A imagem do cemitério brasileiro (Fig. 3) correu o mundo e foi mostrada até mesmo na capa do The Washington Post. “Coronavírus: Washington Post expõe covas abertas em cemitério de SP. Maior da América Latina, cemitério da Vila Formosa virou destaque na capa do jornal por causa da quantidade de covas abertas” (DIÁRIO DO MEIO DO MUNDO, 2021). Sem dúvida, a extensa repercussão, nesse caso, pode ser explicada pelo terror imposto pela foto, a partir da “apreensão de medo sublime e do horror como uma manifestação física do inexplicável e do anormal” (CAVALLARO, 2002, p. ix, grifo nosso, tradução nossa).

Essa conjunção de fatores negativos motiva o desejo de viver. É isso que nos impele à sobrevivência e, como mortos-vivos, os zumbis representam muito bem essa duplicidade: “Paradoxalmente, nós precisamos da consciência consistente da morte, proporcionada pelo Gótico, a fim de entendermos e desejarmos a vida” (BRUHM, 2002, p. 274, tradução nossa).

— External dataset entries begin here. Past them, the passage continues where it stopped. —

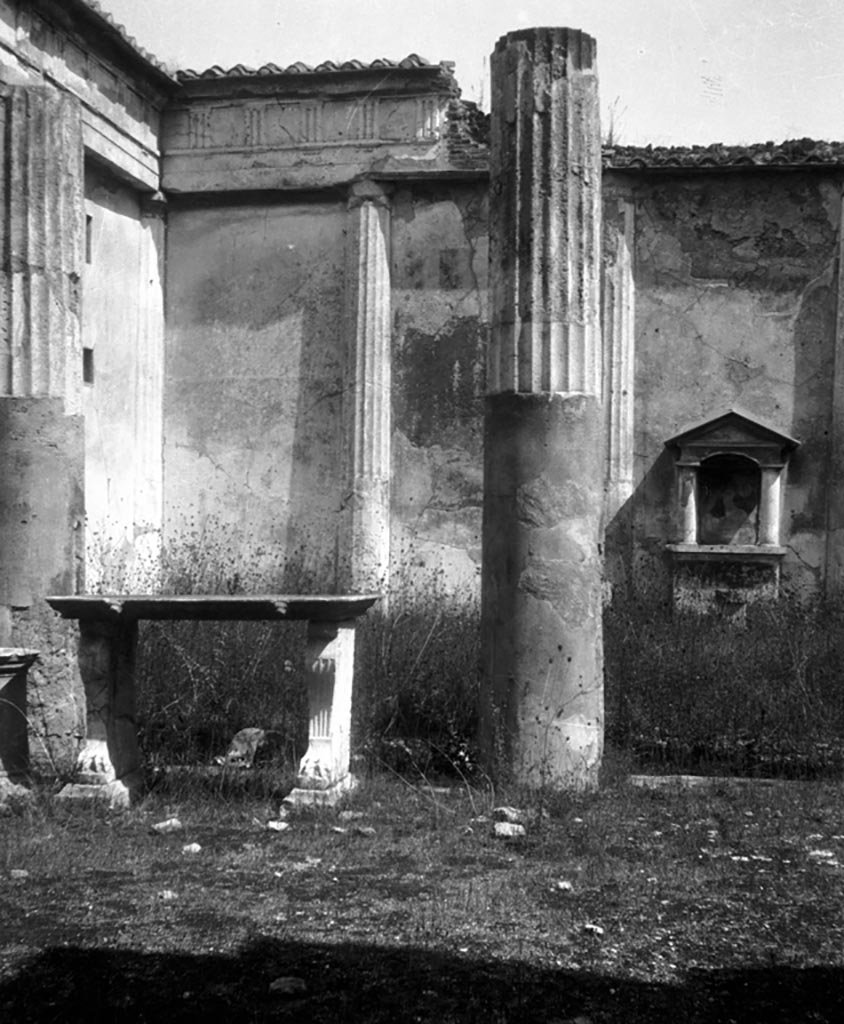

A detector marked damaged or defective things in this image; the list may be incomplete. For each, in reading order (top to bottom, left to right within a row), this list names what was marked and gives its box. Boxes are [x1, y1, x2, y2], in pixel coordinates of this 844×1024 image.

cracked plaster wall [161, 198, 346, 585]
cracked plaster wall [391, 184, 487, 593]
cracked plaster wall [622, 172, 839, 598] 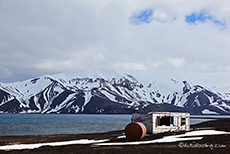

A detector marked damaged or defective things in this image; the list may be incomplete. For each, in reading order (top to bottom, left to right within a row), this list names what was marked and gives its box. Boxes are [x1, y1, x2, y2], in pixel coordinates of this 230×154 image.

rusty red buoy [125, 122, 146, 141] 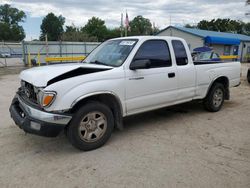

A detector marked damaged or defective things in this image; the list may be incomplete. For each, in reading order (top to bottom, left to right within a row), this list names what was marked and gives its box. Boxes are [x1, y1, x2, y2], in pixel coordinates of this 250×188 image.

damaged hood [20, 63, 112, 86] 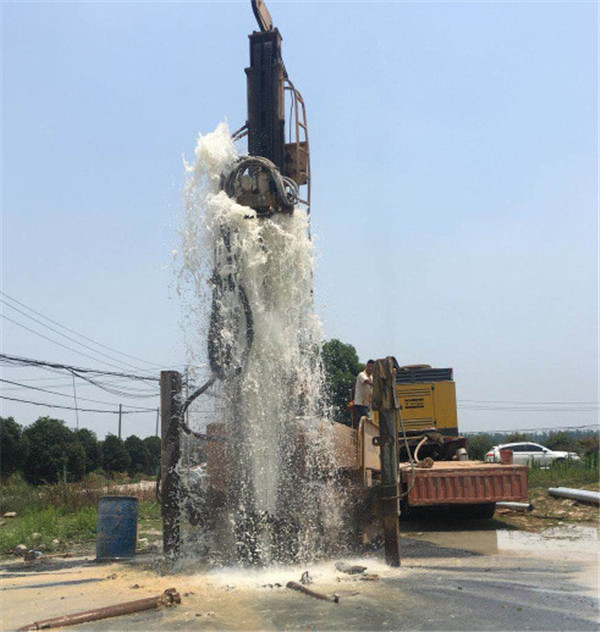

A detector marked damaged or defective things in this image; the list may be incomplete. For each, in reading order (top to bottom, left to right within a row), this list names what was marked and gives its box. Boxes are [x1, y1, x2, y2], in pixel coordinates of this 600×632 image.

rusty steel post [161, 370, 182, 556]
rusty steel post [372, 356, 400, 568]
rusty pipe on ground [16, 584, 180, 628]
rusty steel post [17, 592, 182, 628]
rusty pipe on ground [288, 580, 340, 604] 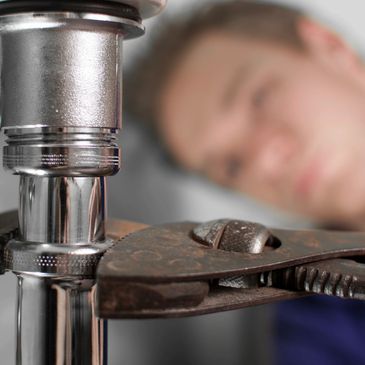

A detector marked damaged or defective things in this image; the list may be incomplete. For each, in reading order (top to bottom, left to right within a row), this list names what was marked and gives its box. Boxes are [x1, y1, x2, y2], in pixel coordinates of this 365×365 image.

rusty pliers [96, 219, 365, 316] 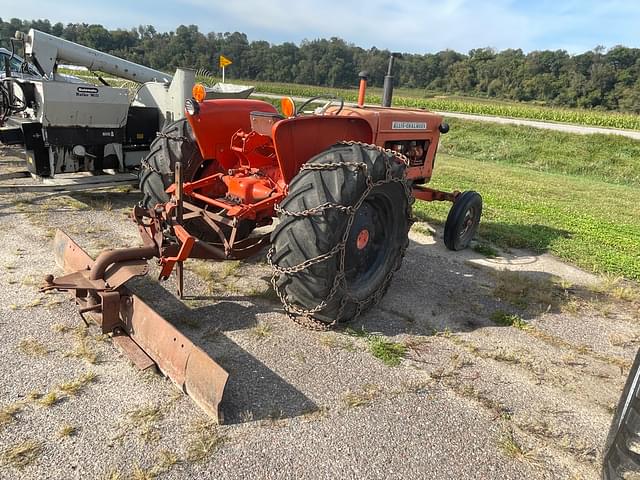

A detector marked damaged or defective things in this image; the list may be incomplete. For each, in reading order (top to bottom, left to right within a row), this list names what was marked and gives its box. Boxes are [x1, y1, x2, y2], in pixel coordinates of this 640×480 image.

rusty blade [51, 228, 230, 420]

A fim de discutir essas associações, e para celebrar várias retomadas, recentemente revisitei um trabalho meu. Trata-se do artigo “Brás Cubas, o autor-zumbi de Memórias desmortas”, publicado na revista Scripta Uniandrade, no ano de 2014. A ideia era fazer um podcast, para comentar justamente a volta dos zumbis no circuito cultural, por causa da pandemia de covid-19. Para acessar o arquivo de áudio, basta acessar https://mestrado-e-doutorado.uniandrade.br/podcast/ ou clicar abaixo:

O artigo mencionado no podcast analisa o livro Memórias desmortas de Brás Cubas (2010), de Pedro Vieira. Logo no início da história, o narrador revela sua condição incomum, ao mesmo tempo em que se apresenta também como “autor” do romance machadiano, publicado em 1881: “Sei que todos vocês se perguntavam […]: ‘Ele morreu, mas o que aconteceu depois?’ Não preciso reiterar o óbvio. Algo aconteceu depois, ou não teria escrito minhas primeiras Memórias póstumas” (VIEIRA, 2010, p. 11, grifo nosso).

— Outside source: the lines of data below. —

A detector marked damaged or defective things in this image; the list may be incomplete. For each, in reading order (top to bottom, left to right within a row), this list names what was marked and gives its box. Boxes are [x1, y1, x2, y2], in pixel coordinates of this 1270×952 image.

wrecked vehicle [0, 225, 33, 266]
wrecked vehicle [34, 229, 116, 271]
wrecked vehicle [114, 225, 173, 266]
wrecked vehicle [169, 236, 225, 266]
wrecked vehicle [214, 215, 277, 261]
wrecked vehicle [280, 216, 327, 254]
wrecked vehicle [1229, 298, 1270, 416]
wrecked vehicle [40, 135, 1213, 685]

Vieira retomou o clássico Memórias póstumas de Brás Cubas, de Machado de Assis, obra que permaneceu, ao longo dos séculos e, coincidentemente ou não, em 2020, ano em que a pandemia de covid-19 começou, o livro que inaugurou o realismo brasileiro foi relançado nos Estados Unidos, com estrondoso sucesso. Sem dúvida, isso completa nosso ciclo de retomadas, fechando-o com chave-de-ouro:

Livro de Machado de Assis em inglês esgota em um dia nos EUA

[…].

Em 2 de junho, a editora Penguin lançou nos Estados Unidos uma nova tradução do livro de 1881 Memórias Póstumas de Brás Cubas (em inglês, “The Posthumous Memoirs of Brás Cubas”). […].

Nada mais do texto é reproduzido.